Fifty years after the Jan. 28, 1969 oil spill in the Santa Barbara Channel, the region is on the verge of another upheaval – the wholesale removal of aging oil infrastructure.

Seven platforms out of 19 in the Channel have shut down operations and will likely be removed, starting in the 2020s, together with their piers, pipelines and onshore processing plants in Carpinteria, Goleta and Gaviota.

The oil companies themselves will bear most of the cost, billions of dollars overall. At the same time, the state Legislature has been forced to budget tens of millions because former owners have disappeared into history or declared bankruptcy.

The first task at hand is to plug dozens of offshore oil wells with cement, an expensive and time-consuming task.

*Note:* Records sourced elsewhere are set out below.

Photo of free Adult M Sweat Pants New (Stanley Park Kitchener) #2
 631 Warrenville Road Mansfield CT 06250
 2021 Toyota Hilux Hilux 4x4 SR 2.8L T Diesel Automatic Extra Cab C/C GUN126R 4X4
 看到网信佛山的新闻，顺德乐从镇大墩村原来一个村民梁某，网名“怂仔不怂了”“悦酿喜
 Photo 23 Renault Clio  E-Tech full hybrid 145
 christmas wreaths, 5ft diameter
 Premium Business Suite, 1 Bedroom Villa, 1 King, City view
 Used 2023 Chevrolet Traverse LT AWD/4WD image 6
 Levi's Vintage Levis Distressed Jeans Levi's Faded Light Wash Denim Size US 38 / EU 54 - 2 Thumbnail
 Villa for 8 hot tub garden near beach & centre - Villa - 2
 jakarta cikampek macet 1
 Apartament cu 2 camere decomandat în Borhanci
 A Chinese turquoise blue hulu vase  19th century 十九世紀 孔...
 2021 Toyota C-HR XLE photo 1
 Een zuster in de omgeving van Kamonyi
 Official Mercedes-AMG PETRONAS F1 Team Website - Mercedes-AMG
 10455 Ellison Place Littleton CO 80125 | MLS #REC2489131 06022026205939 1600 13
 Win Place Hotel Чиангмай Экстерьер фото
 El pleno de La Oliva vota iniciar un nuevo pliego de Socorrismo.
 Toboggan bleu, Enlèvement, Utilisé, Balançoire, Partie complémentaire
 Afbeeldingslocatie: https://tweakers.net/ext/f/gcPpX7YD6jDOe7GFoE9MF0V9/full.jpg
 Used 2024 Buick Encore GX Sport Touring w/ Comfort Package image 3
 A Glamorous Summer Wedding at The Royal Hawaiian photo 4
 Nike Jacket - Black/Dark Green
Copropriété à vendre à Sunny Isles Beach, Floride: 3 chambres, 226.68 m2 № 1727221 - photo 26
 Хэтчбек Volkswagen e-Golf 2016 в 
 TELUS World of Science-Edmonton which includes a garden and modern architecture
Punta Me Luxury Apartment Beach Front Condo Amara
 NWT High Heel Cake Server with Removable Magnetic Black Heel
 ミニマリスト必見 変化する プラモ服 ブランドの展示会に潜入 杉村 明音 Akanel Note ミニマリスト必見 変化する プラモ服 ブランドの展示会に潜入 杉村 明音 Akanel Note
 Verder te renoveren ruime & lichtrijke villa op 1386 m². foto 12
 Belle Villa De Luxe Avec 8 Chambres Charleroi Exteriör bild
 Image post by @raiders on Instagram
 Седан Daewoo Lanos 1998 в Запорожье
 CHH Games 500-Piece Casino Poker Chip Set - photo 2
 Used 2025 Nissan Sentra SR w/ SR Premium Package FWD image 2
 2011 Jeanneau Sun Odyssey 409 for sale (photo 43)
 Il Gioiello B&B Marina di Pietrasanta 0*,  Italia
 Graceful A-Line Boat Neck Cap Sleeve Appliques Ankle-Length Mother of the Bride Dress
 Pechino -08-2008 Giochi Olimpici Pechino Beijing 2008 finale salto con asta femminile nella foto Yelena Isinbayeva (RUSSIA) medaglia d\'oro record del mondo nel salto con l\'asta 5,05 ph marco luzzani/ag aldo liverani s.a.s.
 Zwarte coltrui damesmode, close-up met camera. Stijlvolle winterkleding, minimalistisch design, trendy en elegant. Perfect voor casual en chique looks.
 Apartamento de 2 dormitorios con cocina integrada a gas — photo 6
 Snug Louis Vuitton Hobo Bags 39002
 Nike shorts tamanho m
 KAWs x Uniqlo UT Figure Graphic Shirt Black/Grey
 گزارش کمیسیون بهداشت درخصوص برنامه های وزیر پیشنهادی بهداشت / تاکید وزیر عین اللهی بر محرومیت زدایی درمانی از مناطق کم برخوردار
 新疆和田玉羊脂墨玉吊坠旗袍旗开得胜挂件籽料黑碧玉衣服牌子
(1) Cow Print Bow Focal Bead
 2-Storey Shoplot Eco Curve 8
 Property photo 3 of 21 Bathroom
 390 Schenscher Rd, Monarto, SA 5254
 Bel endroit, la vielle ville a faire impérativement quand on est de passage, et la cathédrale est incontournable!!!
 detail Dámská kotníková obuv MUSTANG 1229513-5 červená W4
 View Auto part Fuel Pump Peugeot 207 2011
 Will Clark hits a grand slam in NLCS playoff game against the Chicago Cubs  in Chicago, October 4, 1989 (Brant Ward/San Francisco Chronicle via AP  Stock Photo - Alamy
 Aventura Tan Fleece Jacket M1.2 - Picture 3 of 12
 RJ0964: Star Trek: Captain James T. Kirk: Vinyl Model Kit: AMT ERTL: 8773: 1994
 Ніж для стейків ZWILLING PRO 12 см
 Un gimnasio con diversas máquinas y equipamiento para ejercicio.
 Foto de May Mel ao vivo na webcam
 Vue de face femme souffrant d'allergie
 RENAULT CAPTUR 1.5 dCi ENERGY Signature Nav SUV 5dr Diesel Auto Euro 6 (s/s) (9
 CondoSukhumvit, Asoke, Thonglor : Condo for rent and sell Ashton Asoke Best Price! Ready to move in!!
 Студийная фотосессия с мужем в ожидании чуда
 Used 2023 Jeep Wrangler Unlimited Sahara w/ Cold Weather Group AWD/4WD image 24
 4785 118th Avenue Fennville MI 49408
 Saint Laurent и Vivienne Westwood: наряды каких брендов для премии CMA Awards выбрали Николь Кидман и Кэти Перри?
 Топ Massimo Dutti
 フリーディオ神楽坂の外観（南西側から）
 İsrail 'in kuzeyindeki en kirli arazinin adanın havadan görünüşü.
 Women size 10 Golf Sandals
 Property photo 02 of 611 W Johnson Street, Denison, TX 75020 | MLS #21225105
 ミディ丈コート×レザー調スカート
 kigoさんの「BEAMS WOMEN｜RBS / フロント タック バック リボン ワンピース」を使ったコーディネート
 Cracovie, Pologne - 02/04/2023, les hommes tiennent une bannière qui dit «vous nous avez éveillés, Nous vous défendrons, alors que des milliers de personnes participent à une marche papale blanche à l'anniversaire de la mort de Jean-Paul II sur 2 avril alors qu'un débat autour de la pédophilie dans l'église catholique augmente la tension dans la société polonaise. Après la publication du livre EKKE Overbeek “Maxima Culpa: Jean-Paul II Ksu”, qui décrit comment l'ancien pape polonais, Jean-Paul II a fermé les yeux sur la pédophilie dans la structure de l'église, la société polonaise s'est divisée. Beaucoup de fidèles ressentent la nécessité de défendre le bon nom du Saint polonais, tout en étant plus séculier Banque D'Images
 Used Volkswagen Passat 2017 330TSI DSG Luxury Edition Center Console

This year off Summerland, the State Lands Commission will be working on “legacy” oil wells that were drilled in the late 1890s and are leaking oil onto the beach.

Off the Rincon this winter, Chevron Corp. will begin plugging wells at platforms Gail and Grace. And off Goleta, ExxonMobil will start plugging two wells in the surf zone at Haskell’s Beach, and 30 offshore wells at Platform Holly, starting in February and April, respectively.

“It’s an unusually happy moment to see change,” said Anne Wells, planning manager for the City of Goleta. “It’s something our entire community is witnessing. We’re moving in the direction of a coastline that’s free of our 1930 oil and gas history, into a new era of a natural coastline. I have to pinch myself.”

Summerland Beach in 1898 was the site of the first offshore oil development in the U.S. An estimated 400 wells were drilled there. Today, some of these “legacy” wells are leaking onto the beach. (Photo courtesy of the Santa Barbara Historical Museum)

 

Untested waters

Platform Holly, installed in state waters two miles off Goleta in 1966, is slated to be decommissioned within five to seven years, state reports show; no platform of comparable size has ever been removed on the Pacific Coast. And at least six more offshore oil platforms – Harvest, Hidalgo, and Hermoso off Pt. Conception, Habitat off Carpinteria, and Grace and Gail off the Rincon and Ventura County – may be removed around the same time. These platforms range in age from 32 (Gail) to 53 years old (Holly).

“Oil’s been here for a long, long time,” said Fred Shaw, a Carpinteria councilman who remembers the spill of 1969. “We’re used to looking at the rigs, but wouldn’t it be nice if they went away? The majority of the town would just prefer that that oil development wasn’t here.”

Decommissioning, though, will be a gargantuan task. The platforms were installed in water hundreds of feet deep, they weigh thousands of tons, and onshore disposal options are limited. The question of whether to leave the platform legs in place underwater – the “rigs-to-reefs” option – will have to be hashed out during environmental review.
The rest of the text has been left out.